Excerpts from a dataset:

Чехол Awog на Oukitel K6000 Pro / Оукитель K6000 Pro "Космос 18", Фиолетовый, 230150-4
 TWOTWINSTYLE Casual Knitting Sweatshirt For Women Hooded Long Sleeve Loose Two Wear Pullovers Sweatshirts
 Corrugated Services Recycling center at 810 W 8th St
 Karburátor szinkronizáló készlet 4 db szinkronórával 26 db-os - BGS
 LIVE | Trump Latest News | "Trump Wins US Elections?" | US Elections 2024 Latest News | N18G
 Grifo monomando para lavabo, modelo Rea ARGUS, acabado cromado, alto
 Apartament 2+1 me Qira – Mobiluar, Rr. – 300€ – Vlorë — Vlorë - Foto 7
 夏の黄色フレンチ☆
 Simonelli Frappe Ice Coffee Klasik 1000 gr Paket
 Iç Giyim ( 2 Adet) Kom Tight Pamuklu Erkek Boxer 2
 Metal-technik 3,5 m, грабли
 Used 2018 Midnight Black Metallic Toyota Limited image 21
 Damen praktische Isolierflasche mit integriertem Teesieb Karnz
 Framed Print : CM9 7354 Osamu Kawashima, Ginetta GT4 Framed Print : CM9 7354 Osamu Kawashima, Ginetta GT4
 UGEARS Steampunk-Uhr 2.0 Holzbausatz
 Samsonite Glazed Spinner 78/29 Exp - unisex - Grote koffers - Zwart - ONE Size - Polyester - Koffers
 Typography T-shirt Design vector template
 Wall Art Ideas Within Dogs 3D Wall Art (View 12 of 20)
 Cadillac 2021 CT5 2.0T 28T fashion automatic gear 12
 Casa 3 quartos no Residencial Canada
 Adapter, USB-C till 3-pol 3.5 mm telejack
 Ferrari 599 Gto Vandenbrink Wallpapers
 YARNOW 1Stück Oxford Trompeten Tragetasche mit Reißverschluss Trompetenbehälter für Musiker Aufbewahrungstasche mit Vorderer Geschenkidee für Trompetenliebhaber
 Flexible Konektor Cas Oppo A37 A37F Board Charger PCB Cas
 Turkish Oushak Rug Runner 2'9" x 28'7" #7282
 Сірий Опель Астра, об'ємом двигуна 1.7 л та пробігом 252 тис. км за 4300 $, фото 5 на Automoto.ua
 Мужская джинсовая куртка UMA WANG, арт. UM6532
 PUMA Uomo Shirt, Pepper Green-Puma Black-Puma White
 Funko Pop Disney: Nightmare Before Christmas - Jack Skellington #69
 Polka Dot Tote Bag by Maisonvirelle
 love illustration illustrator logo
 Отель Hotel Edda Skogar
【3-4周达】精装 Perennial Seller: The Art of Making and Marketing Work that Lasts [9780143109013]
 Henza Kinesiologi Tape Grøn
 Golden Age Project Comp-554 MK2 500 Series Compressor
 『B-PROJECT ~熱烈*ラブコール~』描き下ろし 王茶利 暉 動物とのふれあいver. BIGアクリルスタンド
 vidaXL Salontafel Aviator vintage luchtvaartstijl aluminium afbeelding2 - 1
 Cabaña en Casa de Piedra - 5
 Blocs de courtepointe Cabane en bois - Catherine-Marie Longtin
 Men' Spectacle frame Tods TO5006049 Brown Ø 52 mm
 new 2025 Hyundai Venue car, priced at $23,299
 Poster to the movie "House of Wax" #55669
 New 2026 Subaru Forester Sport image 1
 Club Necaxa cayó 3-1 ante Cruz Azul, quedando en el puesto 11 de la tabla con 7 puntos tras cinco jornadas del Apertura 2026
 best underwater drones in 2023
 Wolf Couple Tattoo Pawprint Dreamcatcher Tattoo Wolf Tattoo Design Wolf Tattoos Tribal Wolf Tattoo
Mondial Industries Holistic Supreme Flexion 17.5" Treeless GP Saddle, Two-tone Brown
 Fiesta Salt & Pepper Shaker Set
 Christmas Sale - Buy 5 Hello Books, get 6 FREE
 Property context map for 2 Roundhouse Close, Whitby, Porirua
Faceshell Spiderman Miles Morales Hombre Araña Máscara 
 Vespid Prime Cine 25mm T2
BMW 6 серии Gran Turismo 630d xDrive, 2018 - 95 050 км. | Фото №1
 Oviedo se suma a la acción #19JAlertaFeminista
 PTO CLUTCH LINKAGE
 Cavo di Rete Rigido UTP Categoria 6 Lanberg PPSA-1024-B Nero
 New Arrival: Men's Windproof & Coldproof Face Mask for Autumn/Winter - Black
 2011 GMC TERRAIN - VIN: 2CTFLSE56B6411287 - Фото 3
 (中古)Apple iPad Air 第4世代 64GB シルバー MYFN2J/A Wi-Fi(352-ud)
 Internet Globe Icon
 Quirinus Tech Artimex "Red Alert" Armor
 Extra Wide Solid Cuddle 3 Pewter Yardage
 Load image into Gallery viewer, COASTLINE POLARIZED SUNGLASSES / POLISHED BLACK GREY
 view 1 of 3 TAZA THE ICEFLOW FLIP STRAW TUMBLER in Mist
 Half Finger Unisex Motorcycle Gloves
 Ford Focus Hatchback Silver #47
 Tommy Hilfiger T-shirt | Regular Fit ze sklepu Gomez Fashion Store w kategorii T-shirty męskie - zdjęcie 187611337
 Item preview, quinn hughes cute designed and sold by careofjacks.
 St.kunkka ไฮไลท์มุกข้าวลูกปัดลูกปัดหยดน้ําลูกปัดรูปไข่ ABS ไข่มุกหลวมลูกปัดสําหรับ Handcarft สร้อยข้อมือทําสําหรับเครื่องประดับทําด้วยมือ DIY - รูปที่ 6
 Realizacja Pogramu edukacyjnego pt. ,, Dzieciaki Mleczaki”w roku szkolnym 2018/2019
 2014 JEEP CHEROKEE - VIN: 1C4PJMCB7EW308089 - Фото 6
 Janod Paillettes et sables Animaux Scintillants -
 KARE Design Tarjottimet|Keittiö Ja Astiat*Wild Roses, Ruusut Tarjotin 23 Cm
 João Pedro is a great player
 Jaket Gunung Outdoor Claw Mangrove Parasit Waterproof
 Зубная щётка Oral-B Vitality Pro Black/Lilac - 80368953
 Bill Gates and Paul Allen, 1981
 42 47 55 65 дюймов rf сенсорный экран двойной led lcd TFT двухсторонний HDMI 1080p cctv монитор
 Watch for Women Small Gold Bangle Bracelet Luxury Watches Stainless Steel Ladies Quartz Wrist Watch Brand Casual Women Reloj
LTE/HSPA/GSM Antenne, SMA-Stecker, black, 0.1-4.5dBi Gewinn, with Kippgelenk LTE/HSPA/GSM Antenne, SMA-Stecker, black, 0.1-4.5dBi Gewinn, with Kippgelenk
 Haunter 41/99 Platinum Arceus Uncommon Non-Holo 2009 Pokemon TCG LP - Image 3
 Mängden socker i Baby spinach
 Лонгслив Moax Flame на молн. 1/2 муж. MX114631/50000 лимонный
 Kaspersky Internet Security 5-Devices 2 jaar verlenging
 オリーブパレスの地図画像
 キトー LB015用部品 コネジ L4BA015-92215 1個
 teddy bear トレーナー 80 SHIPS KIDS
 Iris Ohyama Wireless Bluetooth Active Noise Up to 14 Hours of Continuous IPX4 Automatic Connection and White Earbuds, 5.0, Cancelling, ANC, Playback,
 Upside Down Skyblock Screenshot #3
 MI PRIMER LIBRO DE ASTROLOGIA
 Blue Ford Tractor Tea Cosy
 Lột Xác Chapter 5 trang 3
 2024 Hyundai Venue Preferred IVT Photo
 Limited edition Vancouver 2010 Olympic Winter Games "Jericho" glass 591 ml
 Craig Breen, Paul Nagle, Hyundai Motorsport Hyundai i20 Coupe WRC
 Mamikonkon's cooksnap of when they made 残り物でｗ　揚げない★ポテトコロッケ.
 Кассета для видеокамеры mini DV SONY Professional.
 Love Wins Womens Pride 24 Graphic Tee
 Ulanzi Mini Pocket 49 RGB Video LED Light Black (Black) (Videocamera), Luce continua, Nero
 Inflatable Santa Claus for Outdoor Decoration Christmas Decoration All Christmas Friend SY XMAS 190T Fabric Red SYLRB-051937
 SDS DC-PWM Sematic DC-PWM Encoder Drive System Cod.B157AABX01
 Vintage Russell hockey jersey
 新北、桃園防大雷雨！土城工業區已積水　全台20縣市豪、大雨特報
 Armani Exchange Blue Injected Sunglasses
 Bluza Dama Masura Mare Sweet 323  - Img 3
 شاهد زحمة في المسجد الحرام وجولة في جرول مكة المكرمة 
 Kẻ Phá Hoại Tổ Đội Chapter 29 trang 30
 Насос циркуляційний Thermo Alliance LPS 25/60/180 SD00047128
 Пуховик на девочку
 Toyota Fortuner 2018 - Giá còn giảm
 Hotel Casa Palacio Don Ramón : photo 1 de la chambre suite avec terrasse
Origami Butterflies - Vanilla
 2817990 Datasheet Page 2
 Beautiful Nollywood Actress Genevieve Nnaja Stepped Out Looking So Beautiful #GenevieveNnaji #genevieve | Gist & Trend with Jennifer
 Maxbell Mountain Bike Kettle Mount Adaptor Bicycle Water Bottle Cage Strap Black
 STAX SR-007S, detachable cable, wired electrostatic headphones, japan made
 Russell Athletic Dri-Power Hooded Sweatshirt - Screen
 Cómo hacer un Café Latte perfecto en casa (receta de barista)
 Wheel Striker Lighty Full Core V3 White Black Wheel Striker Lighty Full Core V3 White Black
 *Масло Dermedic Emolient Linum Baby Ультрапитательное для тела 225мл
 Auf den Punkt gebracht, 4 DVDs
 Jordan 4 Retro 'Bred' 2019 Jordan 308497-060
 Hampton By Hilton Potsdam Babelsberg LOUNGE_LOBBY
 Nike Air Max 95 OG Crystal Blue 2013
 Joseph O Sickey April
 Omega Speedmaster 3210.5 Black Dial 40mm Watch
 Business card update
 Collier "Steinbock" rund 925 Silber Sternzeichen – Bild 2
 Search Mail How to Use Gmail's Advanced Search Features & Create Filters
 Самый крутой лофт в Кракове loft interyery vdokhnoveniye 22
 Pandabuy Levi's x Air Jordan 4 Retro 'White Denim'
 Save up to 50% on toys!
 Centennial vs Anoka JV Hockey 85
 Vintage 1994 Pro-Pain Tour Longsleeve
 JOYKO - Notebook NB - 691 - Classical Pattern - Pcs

TASK DESCRIPTION:
Gather each line in the entries above where the string "Sweatshirt" is found.

RESPONSE:
 TWOTWINSTYLE Casual Knitting Sweatshirt For Women Hooded Long Sleeve Loose Two Wear Pullovers Sweatshirts
 Russell Athletic Dri-Power Hooded Sweatshirt - Screen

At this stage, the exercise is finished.